Data entries
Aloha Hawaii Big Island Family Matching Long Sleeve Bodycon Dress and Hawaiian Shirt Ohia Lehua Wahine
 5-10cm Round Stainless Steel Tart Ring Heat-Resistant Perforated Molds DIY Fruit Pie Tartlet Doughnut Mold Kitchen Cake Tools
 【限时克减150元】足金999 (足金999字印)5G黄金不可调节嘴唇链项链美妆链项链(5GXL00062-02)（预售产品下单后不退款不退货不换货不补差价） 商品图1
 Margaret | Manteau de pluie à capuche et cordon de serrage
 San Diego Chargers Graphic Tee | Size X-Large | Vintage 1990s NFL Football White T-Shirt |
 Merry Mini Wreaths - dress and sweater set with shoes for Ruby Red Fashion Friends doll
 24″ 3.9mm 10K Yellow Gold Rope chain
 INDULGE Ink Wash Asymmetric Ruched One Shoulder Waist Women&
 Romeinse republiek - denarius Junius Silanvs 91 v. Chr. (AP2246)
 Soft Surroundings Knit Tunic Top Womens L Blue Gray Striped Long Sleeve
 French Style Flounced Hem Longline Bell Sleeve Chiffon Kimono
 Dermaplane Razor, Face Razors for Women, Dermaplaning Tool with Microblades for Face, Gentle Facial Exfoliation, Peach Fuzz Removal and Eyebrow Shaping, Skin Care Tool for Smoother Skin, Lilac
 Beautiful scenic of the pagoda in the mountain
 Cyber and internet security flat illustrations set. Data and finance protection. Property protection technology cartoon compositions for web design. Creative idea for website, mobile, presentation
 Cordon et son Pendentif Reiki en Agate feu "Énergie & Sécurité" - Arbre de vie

**The problem:** Nothing may be left out. Retype all the entries exactly.

**Output for this task:**
Aloha Hawaii Big Island Family Matching Long Sleeve Bodycon Dress and Hawaiian Shirt Ohia Lehua Wahine
 5-10cm Round Stainless Steel Tart Ring Heat-Resistant Perforated Molds DIY Fruit Pie Tartlet Doughnut Mold Kitchen Cake Tools
 【限时克减150元】足金999 (足金999字印)5G黄金不可调节嘴唇链项链美妆链项链(5GXL00062-02)（预售产品下单后不退款不退货不换货不补差价） 商品图1
 Margaret | Manteau de pluie à capuche et cordon de serrage
 San Diego Chargers Graphic Tee | Size X-Large | Vintage 1990s NFL Football White T-Shirt |
 Merry Mini Wreaths - dress and sweater set with shoes for Ruby Red Fashion Friends doll
 24″ 3.9mm 10K Yellow Gold Rope chain
 INDULGE Ink Wash Asymmetric Ruched One Shoulder Waist Women&
 Romeinse republiek - denarius Junius Silanvs 91 v. Chr. (AP2246)
 Soft Surroundings Knit Tunic Top Womens L Blue Gray Striped Long Sleeve
 French Style Flounced Hem Longline Bell Sleeve Chiffon Kimono
 Dermaplane Razor, Face Razors for Women, Dermaplaning Tool with Microblades for Face, Gentle Facial Exfoliation, Peach Fuzz Removal and Eyebrow Shaping, Skin Care Tool for Smoother Skin, Lilac
 Beautiful scenic of the pagoda in the mountain
 Cyber and internet security flat illustrations set. Data and finance protection. Property protection technology cartoon compositions for web design. Creative idea for website, mobile, presentation
 Cordon et son Pendentif Reiki en Agate feu "Énergie & Sécurité" - Arbre de vie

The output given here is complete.